§ WHAT TO PRODUCE
With the pictures removed, reproduce exactly the lines from the one that contains "A Flock Of Chickens" through the last line of the entries below.

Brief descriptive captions
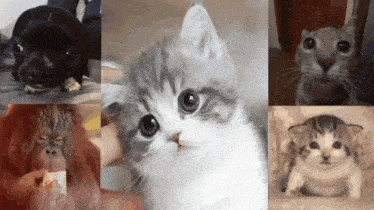 a collage of pictures of animals including a puppy a cat and a monkey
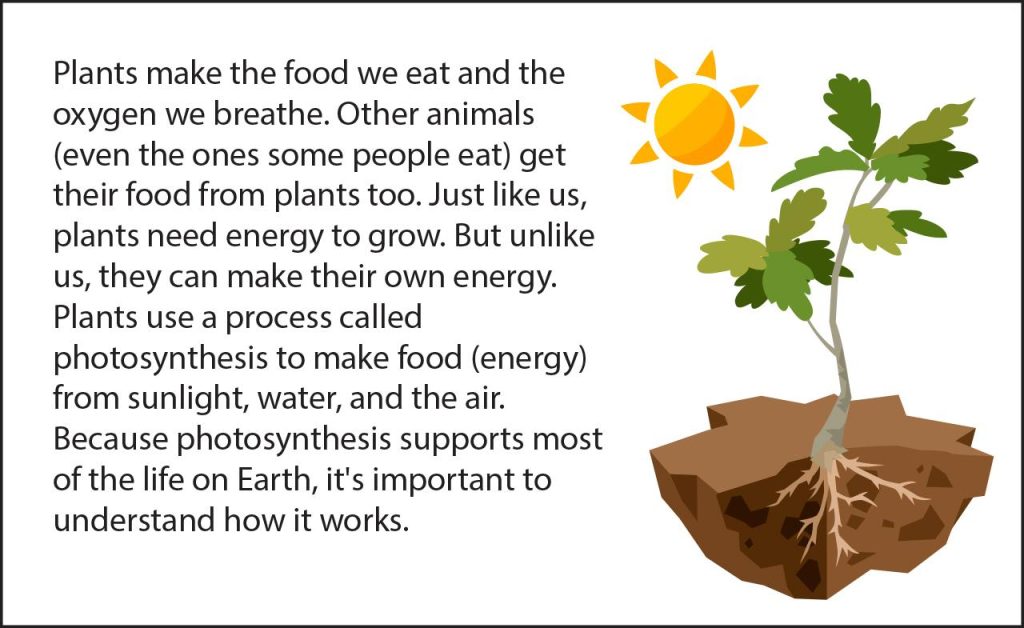 Does Plants Need Food
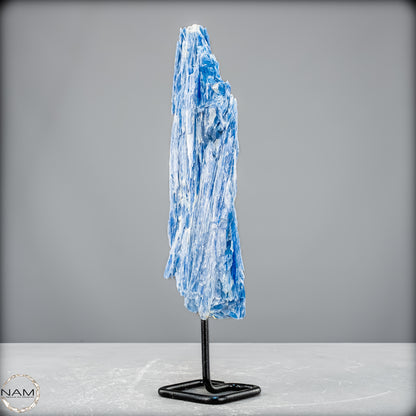 Natürlicher Kyanit-Kristall Cluster auf Ständer aus Brasilien - 447,33 g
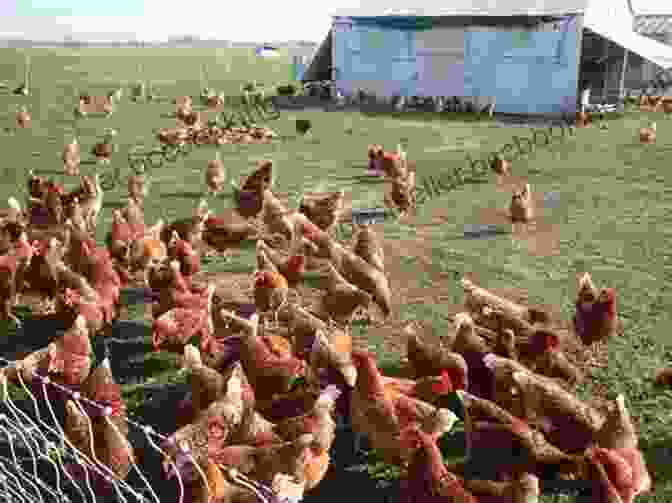 A Flock Of Chickens Running Wild On A Farm The Trouble With Chickens: A J J Tully Mystery (J J Tully Mysteries 1)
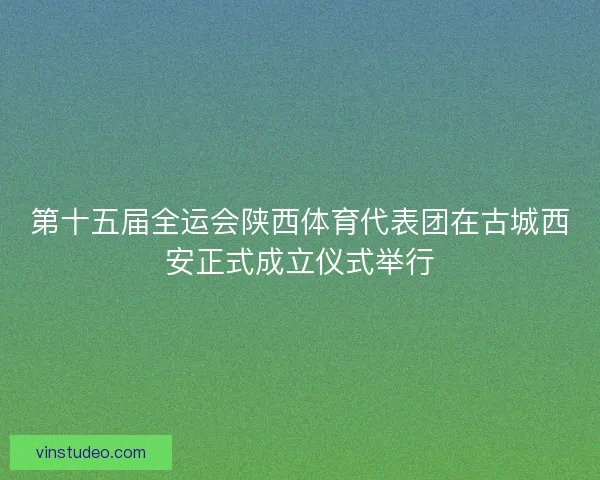 第十五届全运会陕西体育代表团在古城西安正式成立仪式举行 第十五届全运会陕西体育代表团在古城西安正式成立仪式举行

§ OUTPUT OF THE TASK
 A Flock Of Chickens Running Wild On A Farm The Trouble With Chickens: A J J Tully Mystery (J J Tully Mysteries 1)
 第十五届全运会陕西体育代表团在古城西安正式成立仪式举行 第十五届全运会陕西体育代表团在古城西安正式成立仪式举行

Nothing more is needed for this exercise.